**Requirement**
These records contain pictures, which must be left out; copy exactly the lines from the one with "Front View : ARP" up to and including the one with "Sunrise Sterling S700 Scooter - Image 2".

Source information below:

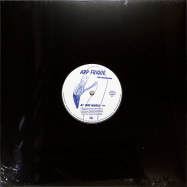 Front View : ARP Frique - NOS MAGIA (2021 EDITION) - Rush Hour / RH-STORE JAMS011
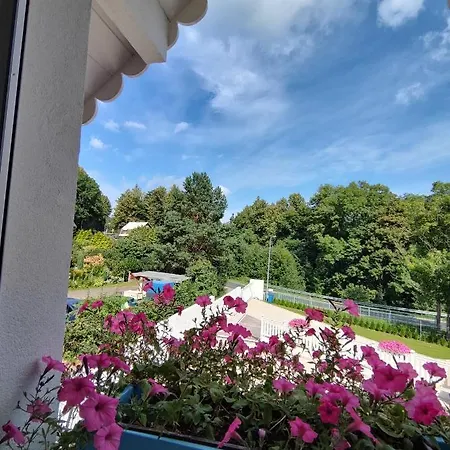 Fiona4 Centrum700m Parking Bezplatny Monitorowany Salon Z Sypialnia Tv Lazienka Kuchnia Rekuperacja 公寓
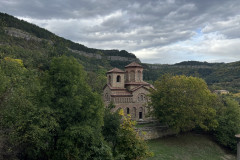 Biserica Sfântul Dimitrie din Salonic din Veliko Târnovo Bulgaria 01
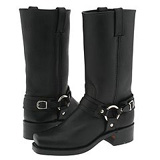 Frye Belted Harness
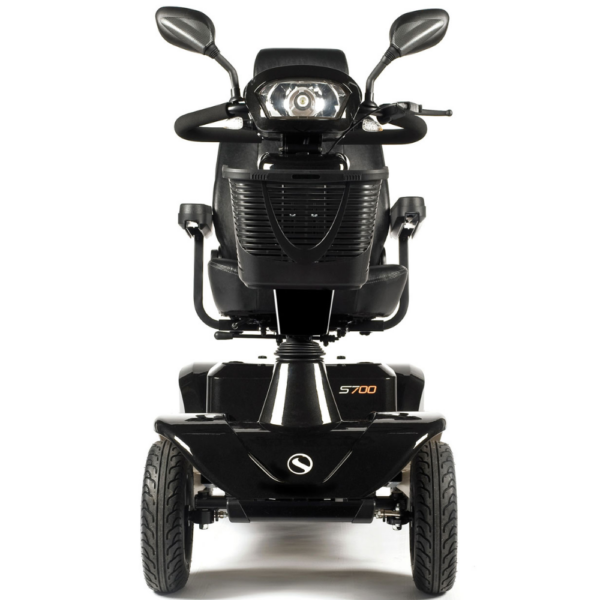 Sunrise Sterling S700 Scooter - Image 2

End of Source information.
Source information below:

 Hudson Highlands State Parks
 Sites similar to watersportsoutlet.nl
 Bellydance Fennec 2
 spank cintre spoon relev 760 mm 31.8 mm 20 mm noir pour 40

End of Source information.

**Task answer**
 Front View : ARP Frique - NOS MAGIA (2021 EDITION) - Rush Hour / RH-STORE JAMS011
 Fiona4 Centrum700m Parking Bezplatny Monitorowany Salon Z Sypialnia Tv Lazienka Kuchnia Rekuperacja 公寓
 Biserica Sfântul Dimitrie din Salonic din Veliko Târnovo Bulgaria 01
 Frye Belted Harness
 Sunrise Sterling S700 Scooter - Image 2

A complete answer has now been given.